* _ASSIGNMENT_
Restate word for word the section of the entries that opens at the line containing "Mens Chameleon Graphic" and closes at the line containing "Diecast Metal Toy", both lines kept, pictures dropped.

* _EXERCISE DATA_

====

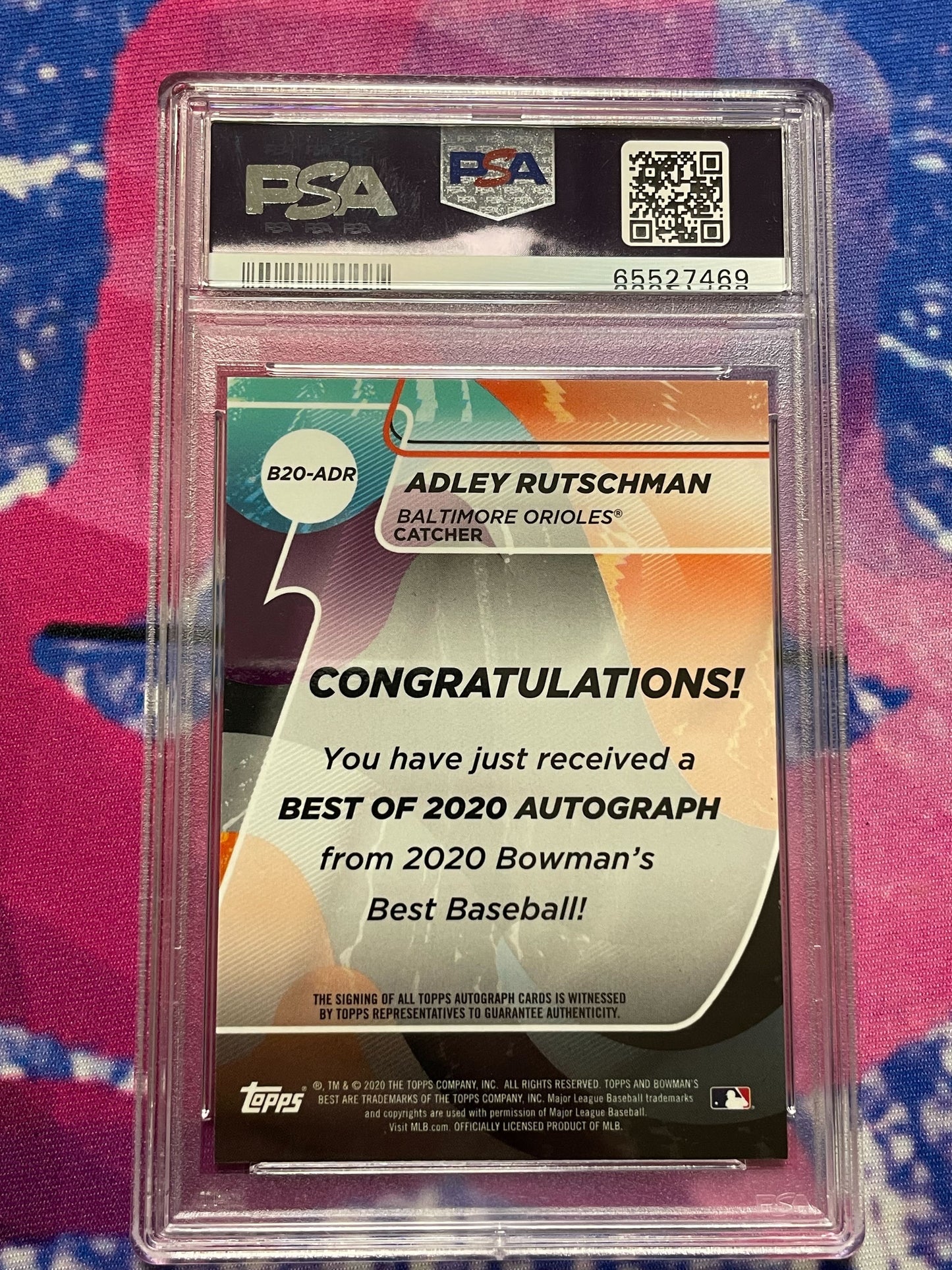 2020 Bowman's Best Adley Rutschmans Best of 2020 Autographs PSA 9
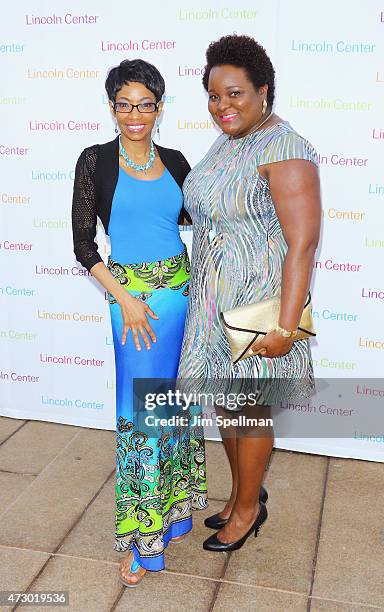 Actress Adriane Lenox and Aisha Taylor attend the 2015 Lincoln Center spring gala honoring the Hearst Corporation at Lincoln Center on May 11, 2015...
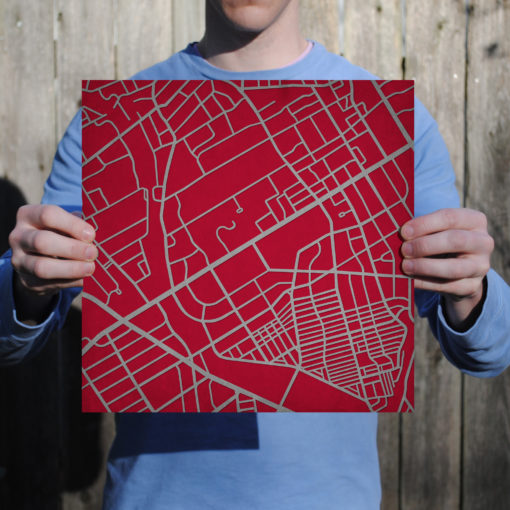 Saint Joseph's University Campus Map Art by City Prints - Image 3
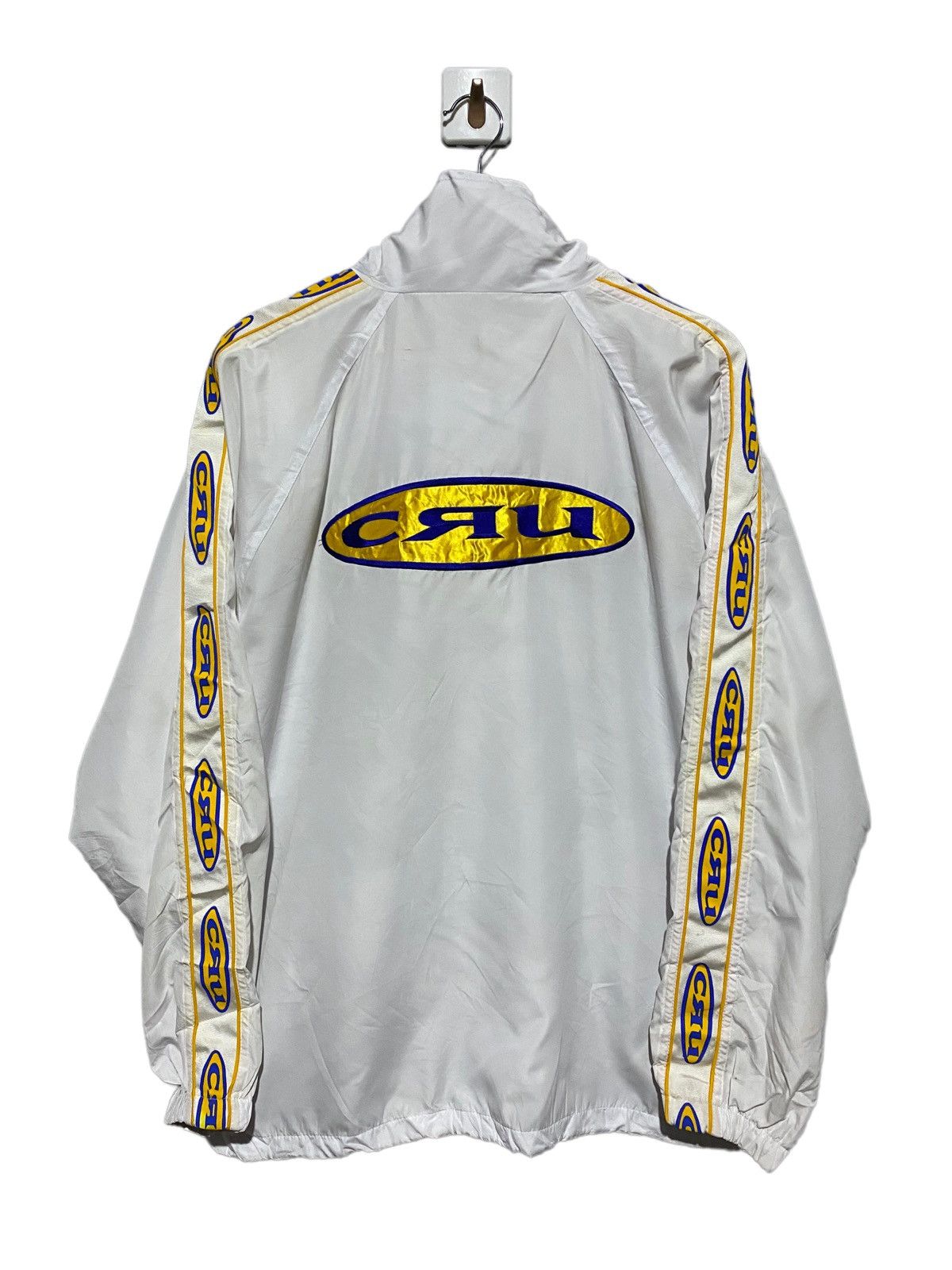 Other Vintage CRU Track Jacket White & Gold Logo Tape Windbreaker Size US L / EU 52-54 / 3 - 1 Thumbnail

====

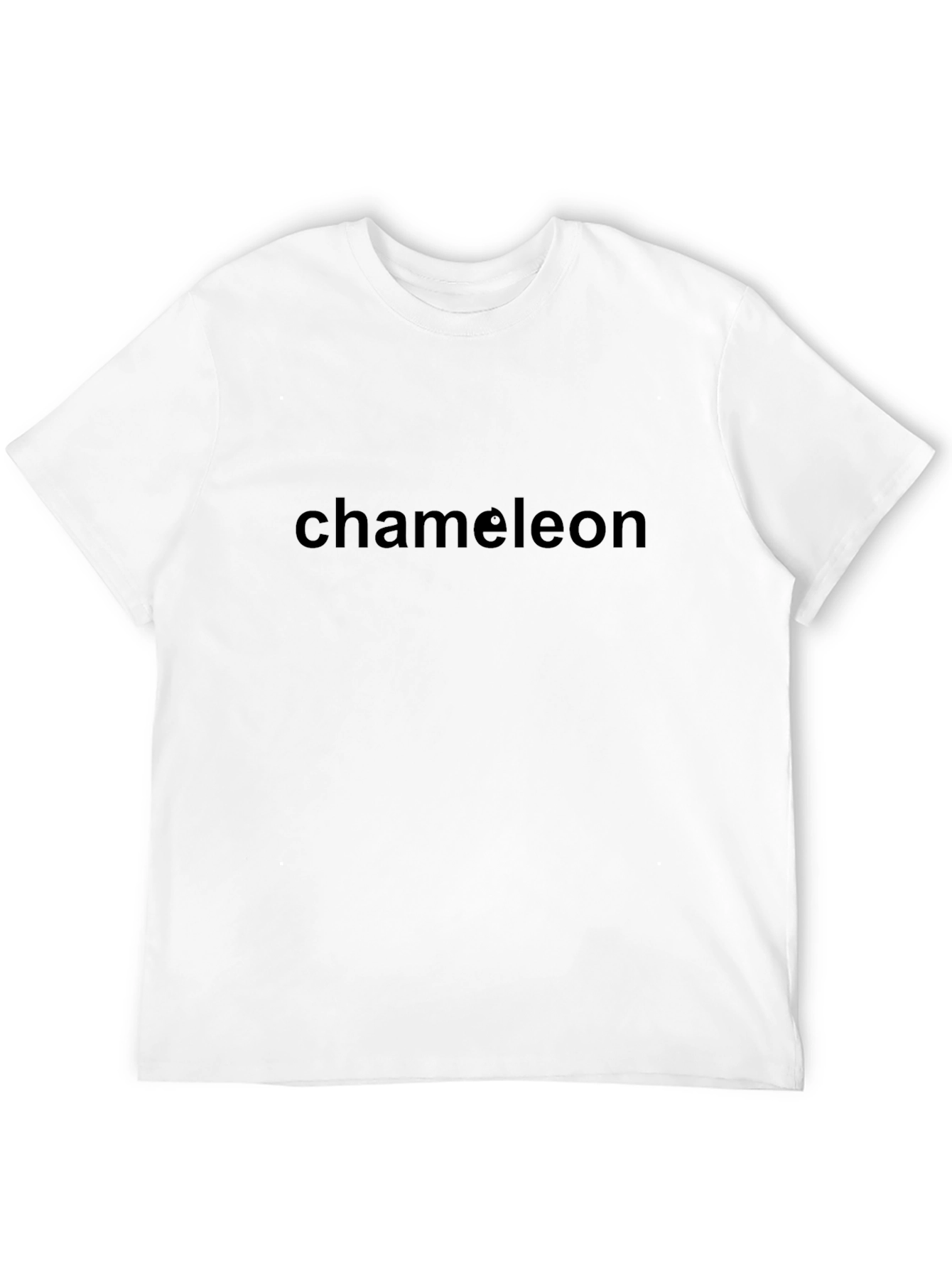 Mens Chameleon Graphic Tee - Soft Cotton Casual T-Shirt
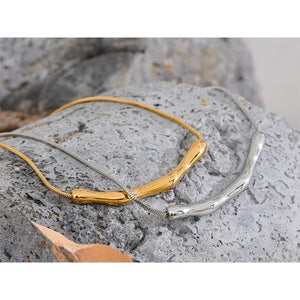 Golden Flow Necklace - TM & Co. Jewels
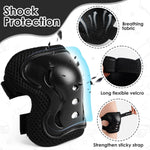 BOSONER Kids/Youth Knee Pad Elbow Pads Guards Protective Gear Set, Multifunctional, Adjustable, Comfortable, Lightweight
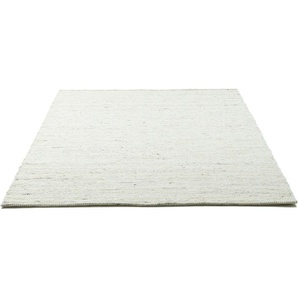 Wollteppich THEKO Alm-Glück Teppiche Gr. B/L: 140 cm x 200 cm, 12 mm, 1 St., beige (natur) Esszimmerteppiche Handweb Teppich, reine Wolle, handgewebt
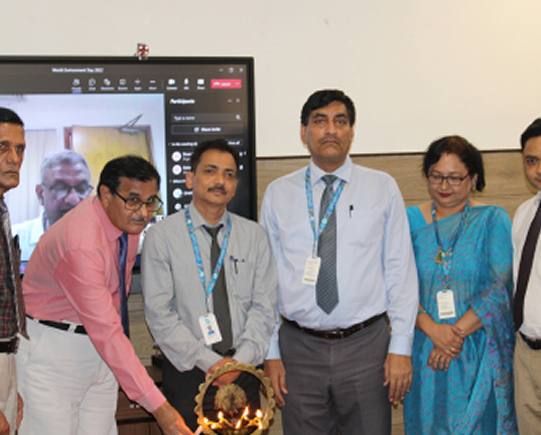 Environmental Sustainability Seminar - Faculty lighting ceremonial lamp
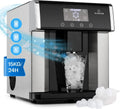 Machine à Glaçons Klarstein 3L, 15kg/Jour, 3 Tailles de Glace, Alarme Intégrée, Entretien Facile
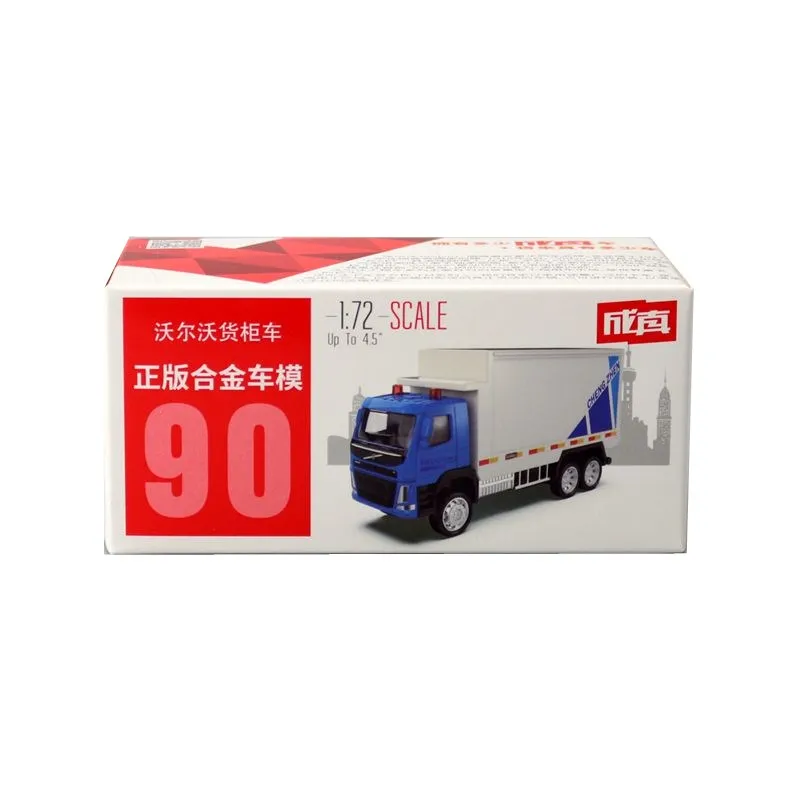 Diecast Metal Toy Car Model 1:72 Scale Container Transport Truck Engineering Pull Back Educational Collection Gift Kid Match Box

====

* _ANSWER FOR THIS EXERCISE_
 Mens Chameleon Graphic Tee - Soft Cotton Casual T-Shirt
 Golden Flow Necklace - TM & Co. Jewels
 BOSONER Kids/Youth Knee Pad Elbow Pads Guards Protective Gear Set, Multifunctional, Adjustable, Comfortable, Lightweight
 Wollteppich THEKO Alm-Glück Teppiche Gr. B/L: 140 cm x 200 cm, 12 mm, 1 St., beige (natur) Esszimmerteppiche Handweb Teppich, reine Wolle, handgewebt
 Environmental Sustainability Seminar - Faculty lighting ceremonial lamp
 Machine à Glaçons Klarstein 3L, 15kg/Jour, 3 Tailles de Glace, Alarme Intégrée, Entretien Facile
 Diecast Metal Toy Car Model 1:72 Scale Container Transport Truck Engineering Pull Back Educational Collection Gift Kid Match Box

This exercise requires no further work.